Why is repairing so important?

https://restartproject.wordpress.com/2012/07/16/why-is-repairing-so-important/

Posted on July 16, 2012 by ugomatic

The Restart Project is all about changing consumer behaviour in the ICT industry, about facilitating the collective learning that will demand hardware and software manufacturers to adhere to open standards, to allow for openness at all levels, to design for durability and compatibility. To look forward with progressive new features, without leaving behind users with slightly older hardware.

Repair is an essential component of our vision. It is instrumental in transforming our obsessions about technology into sustainable technology ecosystems, where owners can claim back control over the very tools at the heart of our digital lives.

Repairing makes the invisible visible: by opening up a device, together we can learn the trade-offs of its design and the manufacturer’s intentions in terms of its durability.

Community-based repairing such as what we do in Restart Parties liberates us from the tyranny of the buy-dispose-buy again. We all know it can’t possibly make sense that it is cheaper to buy a new product, rather than to fix the existing one. And yet, this is what we hear all of the time, all of us: the flash in your digital camera no longer works? Buy a new one, or pay more than the cost of a new camera to change the processor. The screen of your e-reader no longer works? It’s glued to the rest of the device, we’ll just send you another one.

Manufacturer’ reluctance to fix software problems is just as disturbing. The operating system of your device doesn’t allow to open password-protected files? Buy the new device, as we fixed it for it – but we won’t port the software patch to the older device, period. In such cases, repairing becomes jailbreaking a device, liberating it from the cage of proprietary operating systems and extending its usability for its owner.

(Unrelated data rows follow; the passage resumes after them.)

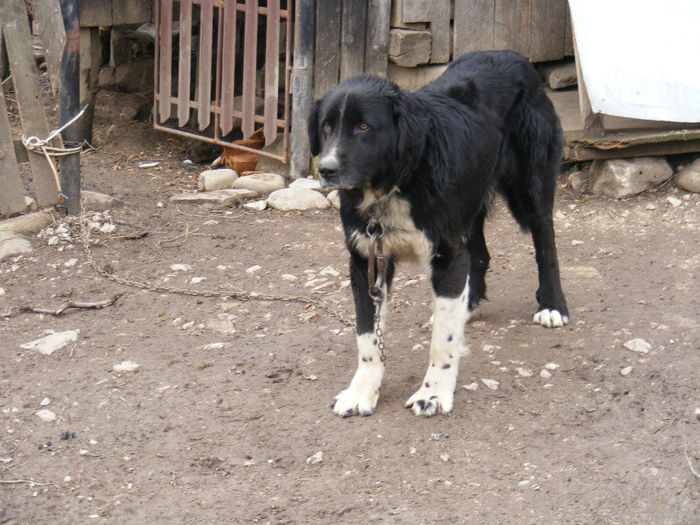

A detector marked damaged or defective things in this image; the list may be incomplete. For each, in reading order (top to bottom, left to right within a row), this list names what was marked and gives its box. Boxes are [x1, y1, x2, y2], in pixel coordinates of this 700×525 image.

rusty metal gate [154, 0, 292, 162]
red rusted metal [154, 0, 292, 162]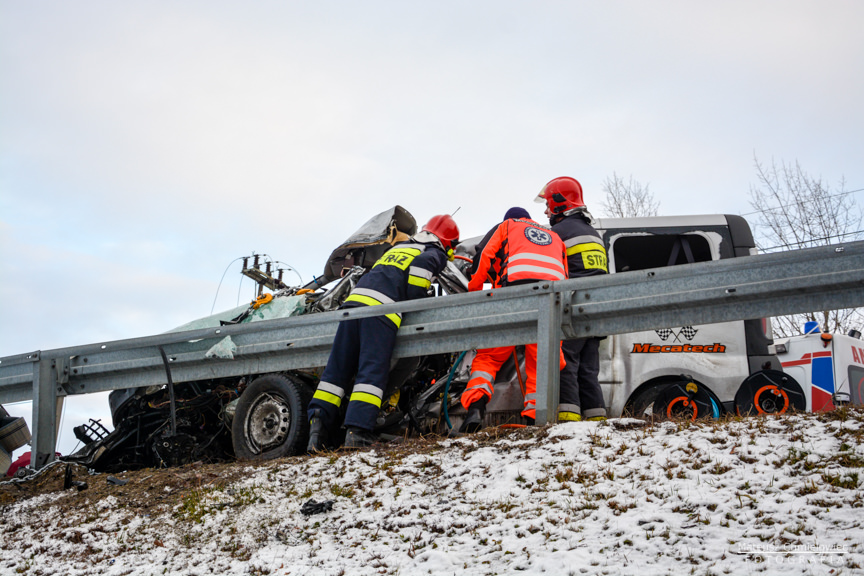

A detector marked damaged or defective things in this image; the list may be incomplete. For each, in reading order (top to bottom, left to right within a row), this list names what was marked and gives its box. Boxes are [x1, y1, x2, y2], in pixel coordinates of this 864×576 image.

crashed vehicle [66, 207, 512, 472]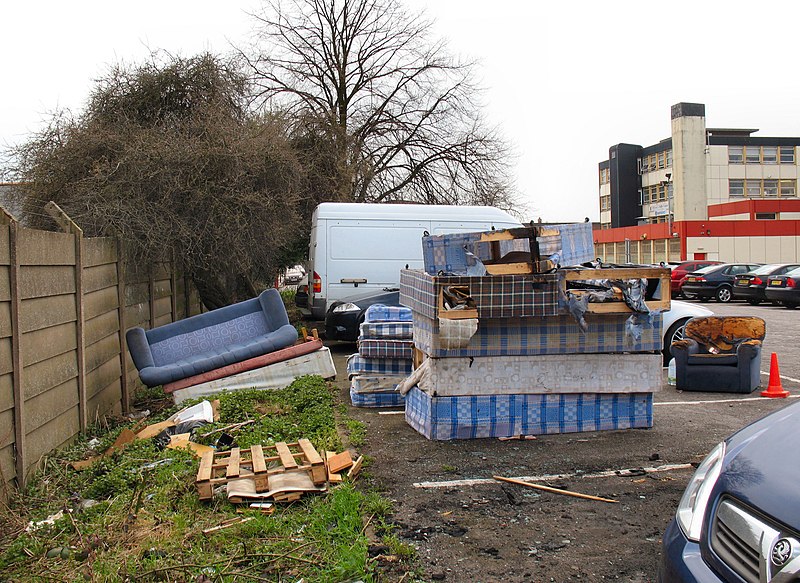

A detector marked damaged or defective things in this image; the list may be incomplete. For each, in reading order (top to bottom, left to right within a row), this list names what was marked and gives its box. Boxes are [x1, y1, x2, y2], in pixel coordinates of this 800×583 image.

broken wooden plank [494, 476, 620, 504]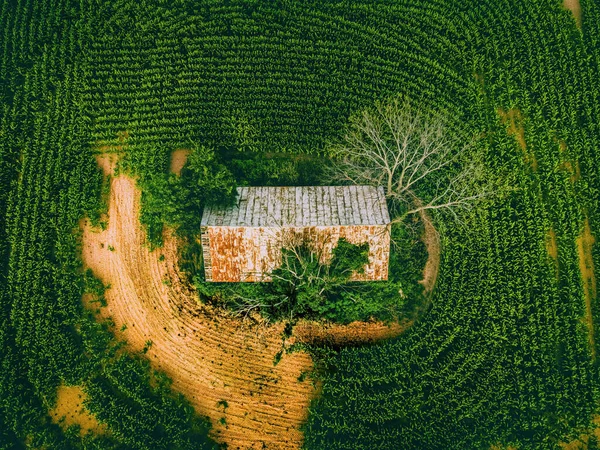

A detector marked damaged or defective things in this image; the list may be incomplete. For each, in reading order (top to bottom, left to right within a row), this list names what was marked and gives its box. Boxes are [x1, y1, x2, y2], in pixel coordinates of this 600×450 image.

The Restart Project is about much more than just repair. But repair is key to our collective understanding of the need to change status quo in this industry. And to liberate ourselves from the mantra of “recycling”. Recycling is very trendy these days, it makes us feel good. And yet, it should always be the last resort: recommendable only when reuse, refurbishing, repair have all failed.

NW3 is a keen supporter of RestartProject, which exists globally in different forms, but has run several events in north London (and hoping to expand shortly)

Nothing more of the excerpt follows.